Reporters sans frontières demande aux autorités égyptiennes de libérer le blogueur Kareem El-Beheiri, arrêté le 6 avril 2008 à Mahalla alors qu’il couvrait une grève touchant l’usine de textile dans laquelle il travaillait. Il est détenu à la prison de Borg El Arab (40 km d’Alexandrie) depuis le 9 avril.
« Kareem El-Beheiri est soumis à de mauvais traitements. Il a commencé une grève de la faim et nous nous inquiétons pour son état de santé. La direction de la prison refuse de le transférer à l’hôpital pour qu’il reçoive les soins adéquats. Nous demandons aux autorités de le libérer en attendant de préciser les charges exactes retenues à son encontre », a déclaré Reporters sans frontières
Dans une lettre adressée à Zakareya Abdel Aziz, directeur de l’organisation rassemblant les juges du Caire, le 18 mai, Kareem El-Beheiri témoigne des mauvais traitements qui lui ont été infligés, ainsi qu’à Tareq Amin et Kamal el-Fayyoumy, deux activistes arrêtés le même jour. « Nous avons été torturés dans les quartiers de sécurité de l’Etat à Mahalla les 6, 7 et 8 avril. Des policiers ont électrocuté Kareem, insulté et battu Tareq Amin et Kamal El-Fayyoumy », écrivent-ils (http://allthegoodnameshadgone.blogspot.com/2008/05/letter-from-kamal-el-fayyoumy-tareq.html)
Kareem El-Beheiri était ouvrier à l’usine de textile Misr Filature et Tissage de la cité industrielle de Mahalla. Il a perdu son emploi pour « absentéisme » bien que ses employeurs aient reçu les documents confirmant son incarcération. Les autorités lui reprochent d’avoir incité à la grève sur son blog, dans lequel il évoque les actions organisées par les ouvriers égyptiens pour manifester contre leurs mauvaises conditions de vie.
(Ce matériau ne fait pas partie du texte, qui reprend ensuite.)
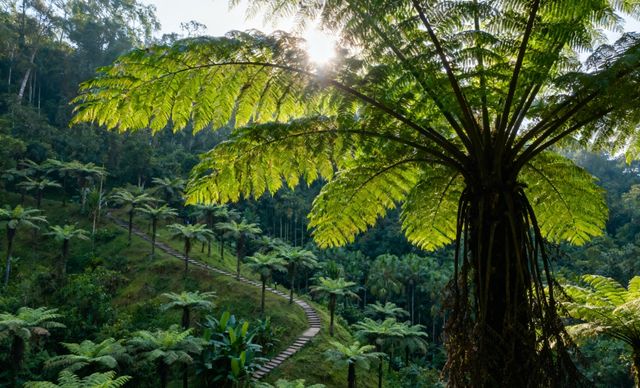 尋訪綠色明珠植物園 尋訪綠色明珠植物園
Dans son dernier article, Kareem El-Beheiri écrit : « Il est maintenant sept heures du matin, le 6 avril, et je m’en vais à Mahalla pour couvrir la grève de l’usine. Priez pour moi et j’espère que chacun réussira à montrer les failles du régime égyptien. Kareem El-Beheiri, d’un pays libre : celui des révolutionnaires égyptiens. »
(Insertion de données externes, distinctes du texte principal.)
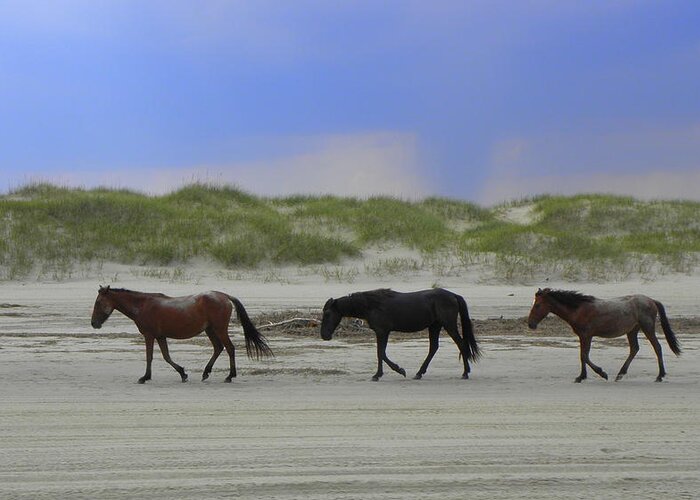 Wild Horses Greeting Card featuring the photograph Just A Little Stroll After A Roll In The Sand by Kim Galluzzo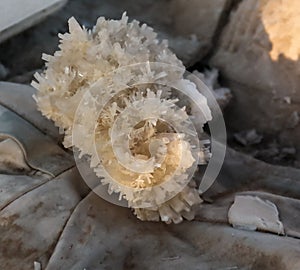 Salt cristal from the Assal lake Djibouti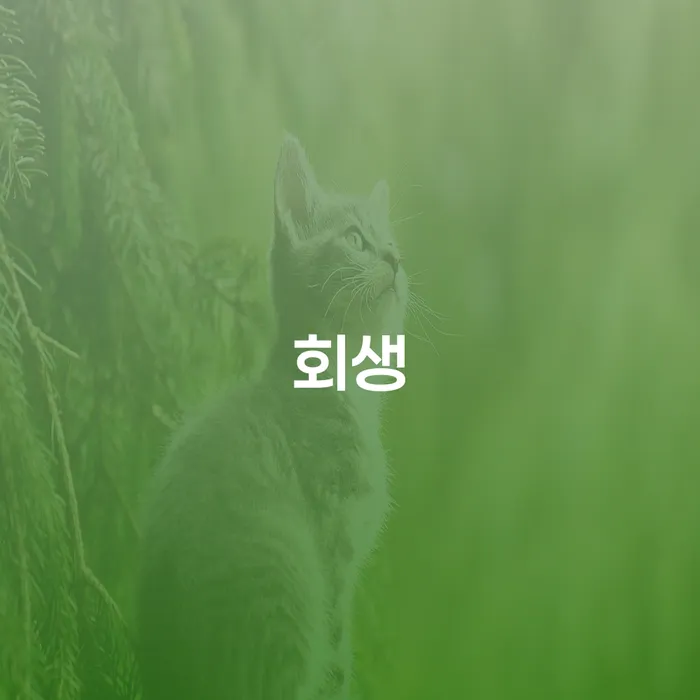 개인회생비용 개인파산 해결 할 수 있을까?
La grève du 6 avril, organisée pour protester contre la vie chère, a été suivie par plusieurs milliers de personnes au Caire et dans la ville industrielle de Mahalla. Un groupe intitulé « 6 avril », créé sur le réseau social Facebook, appelant les Egyptiens à protester par tous les moyens, rassemblait 64 000 membres à la veille des manifestations. L’internaute Esraa Abdel Fattah Ahmed est restée plus de deux semaines en prison pour avoir fait partie de ce groupe. Son inititateur, Ahmed Maher, un ingénieur de 27 ans, a été battu par la police de Mahalla pendant douze heures afin d’obtenir les identifiants du groupe. Son compte a été annulé par Facebook, qui le considérait comme un « spammeur » en raison du nombre important de messages qu’il envoyait aux membres de « 6 avril » pour les inciter à se mobiliser.
« Cette grève organisée sur Internet est une première pour les autorités, qui ne savent pas à qui en imputer la responsabilité. Nous condamnons la détention pendant plusieurs semaines d’individus qui n’ont fait qu’user de leur droit à la liberté d’expression », a conclu l’organisation.
L’Egypte compte six millions d’internautes et la blogosphère y est l’une des plus actives du Moyen-Orient. Depuis les manifestations demandant le départ du président Hosni Moubarak à l’approche de l’élection de 2005, les blogueurs ont pris le relais des médias officiels en publiant des photos et des vidéos. Ils sont aujourd’hui considérés comme une source d’informations à part entière. En janvier 2007, le journaliste Wael Abbas a diffusé des vidéos montrant des policiers qui torturaient des détenus. Ces images ont servi de preuves dans un procès qui a abouti à la condamnation de l’un des officiers à trois ans de prison. C’était la première fois qu’un tel événement se produisait.